Budget Calculator
Split your monthly income into a 50/30/20, 70/20/10 or 60/30/10 budget — or build a custom zero-based budget with your own categories. Live pie chart.
Estimate, not financial advice.Results depend on the assumptions you enter and don't account for fees, taxes, future market changes, or your full financial picture. Talk to a qualified financial advisor for decisions with material impact.
Build a monthly budget in seconds. Pick a popular preset — 50/30/20, 70/20/10 or 60/30/10 — to see exactly how much of your income goes into each bucket, or switch to Custom to build a zero-based budget with your own categories and percentages. The pie chart updates live as you change the splits.
All three presets work with after-tax (take-home) income. The 50/30/20 rule — popularised by Senator Elizabeth Warren — is the most common starting point: 50% on needs, 30% on wants, 20% on savings and debt repayment.
How to use
- Enter your monthly after-tax income.
- Pick a preset (50/30/20 is the most common starting point) or switch to Custom for a zero-based budget.
- In Custom mode, edit category names and percentages directly. The total must reach 100% — the indicator at the bottom turns green when it does.
- The pie chart and dollar amounts beside each category update instantly as you make changes.

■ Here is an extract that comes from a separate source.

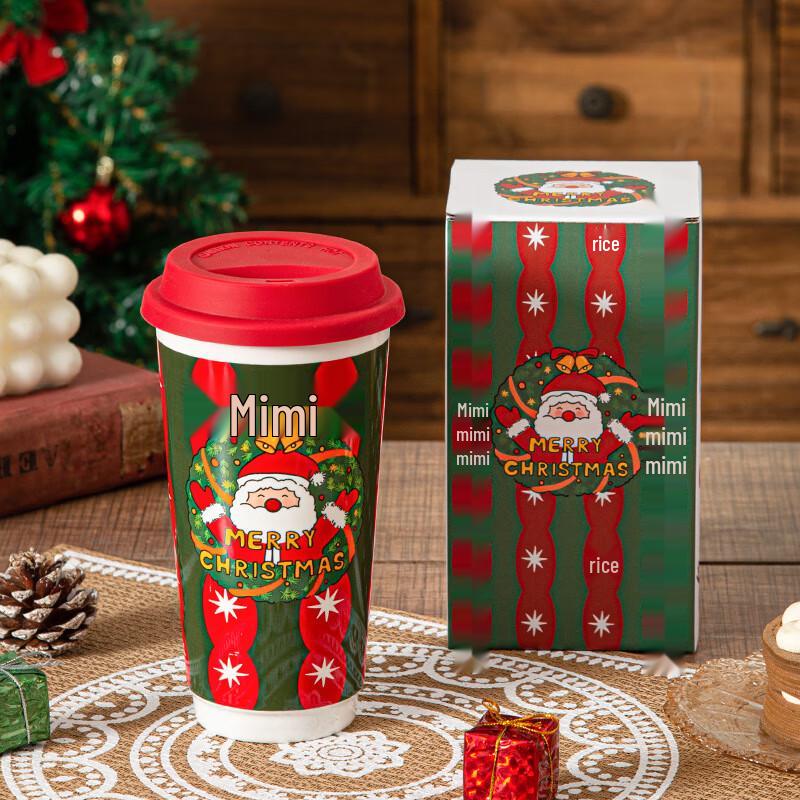 Christmas Ceramic Mug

Frequently asked questions
- What's the 50/30/20 rule?
- Spend up to 50% of after-tax income on needs (housing, utilities, groceries, transport), up to 30% on wants (dining out, entertainment, subscriptions), and at least 20% on savings and debt repayment. It was popularised by Senator Elizabeth Warren and is the most common starting framework.

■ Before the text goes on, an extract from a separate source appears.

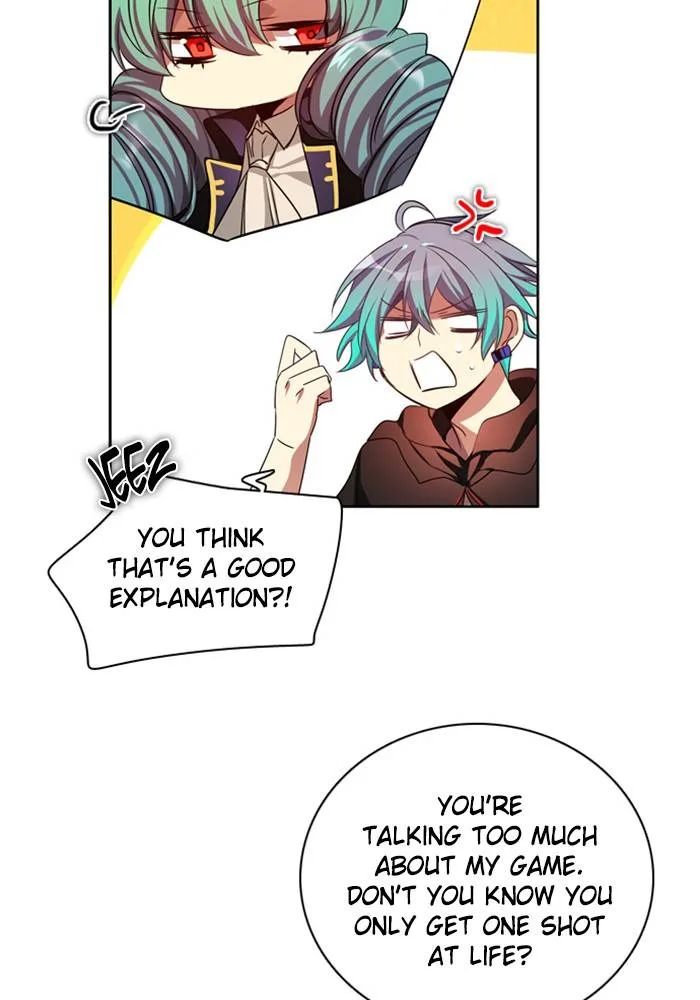 Zero Game Chapter 83 page 115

- What's a zero-based budget?
- A budget where every dollar of income is assigned a job — categories must sum to exactly 100%. The Custom mode in this tool is a zero-based template; use the percentage indicator at the bottom to know when you've allocated all of it.
- Should I budget on gross or after-tax income?
- After-tax (take-home). Income tax has already been deducted from what you can actually spend, so building a budget around the gross number consistently overshoots reality.